Lola T530
- Category: Can-Am
- Constructor: Lola

Technical specifications
- Length: 182 in (462.3 cm)
- Width: 83 in (210.8 cm)
- Axle track: 70 in (177.8 cm) (Front) 64 in (162.6 cm) (Rear)
- Wheelbase: 106.5 in (270.5 cm)
- Engine: Chevrolet 5,000 cc (305.1 cu in) V8 engine naturally-aspirated mid-engined
- Transmission: 4/5-speed Manual
- Power: 510 hp (380 kW) 400 lb⋅ft (542 N⋅m)
- Weight: 650–665 kg (1,433.0–1,466.1 lb)
- Tyres: Goodyear

Competition history
- Notable entrants: Carl A. Haas racing Team, Racing Team VDS
- Notable drivers: Patrick Tambay, Geoff Brabham
- Debut: 1980 Can-Am Sears Point
| Races | Wins | Podiums |
| 156 | 32 | 43 |
- Teams' Championships: 2: Carl A. Haas Racing Team (1980), Racing Team VDS (1981)
- Constructors' Championships: 2: Lola
- Drivers' Championships: 2: 1980 Can-Am (Patrick Tambay), 1980 Can-Am (Geoff Brabham)

= Lola T530 =

The Lola T530 is a purpose-built Can-Am sports prototype, designed by British manufacturer Lola Cars in for the revived Can-Am series 1980. It was very successful, winning 7 of the 9 races in its first season of competition alone, and gave Patrick Tambay the championship with Carl A. Haas racing Team. Geoff Brabham won the championship in 1981; despite only winning 2 races.
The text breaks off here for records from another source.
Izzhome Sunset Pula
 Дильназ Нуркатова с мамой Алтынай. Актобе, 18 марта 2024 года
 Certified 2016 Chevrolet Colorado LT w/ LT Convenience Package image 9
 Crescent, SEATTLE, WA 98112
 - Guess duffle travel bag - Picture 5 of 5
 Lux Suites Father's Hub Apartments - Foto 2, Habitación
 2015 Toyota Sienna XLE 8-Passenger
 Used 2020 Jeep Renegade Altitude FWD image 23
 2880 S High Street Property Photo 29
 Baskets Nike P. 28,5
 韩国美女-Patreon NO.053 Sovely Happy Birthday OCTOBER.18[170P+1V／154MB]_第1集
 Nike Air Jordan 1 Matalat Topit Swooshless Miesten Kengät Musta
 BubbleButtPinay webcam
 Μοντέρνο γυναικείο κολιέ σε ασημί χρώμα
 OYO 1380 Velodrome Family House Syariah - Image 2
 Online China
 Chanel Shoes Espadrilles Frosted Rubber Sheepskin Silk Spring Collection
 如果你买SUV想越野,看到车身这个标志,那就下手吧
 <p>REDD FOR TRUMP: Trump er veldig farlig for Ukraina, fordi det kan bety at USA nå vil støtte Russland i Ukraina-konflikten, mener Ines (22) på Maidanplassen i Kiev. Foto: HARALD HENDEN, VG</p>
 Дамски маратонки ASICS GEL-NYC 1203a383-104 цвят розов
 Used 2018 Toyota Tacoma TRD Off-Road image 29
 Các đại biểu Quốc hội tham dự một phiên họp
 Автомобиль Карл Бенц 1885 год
It was used in Can-Am racing until 1983. It was later used in the international Interserie racing series, and the British Thundersports racing series, between 1984 and 1988. Between 1980 and 1988, it scored a total of 32 race wins, and 43 podium finishes; a very impressive tally indeed. As with all other full-size Can-Am cars of the time, it used a mid-mounted 5-liter, naturally-aspirated, Chevrolet V8 engine. A total of 10 chassis' were built.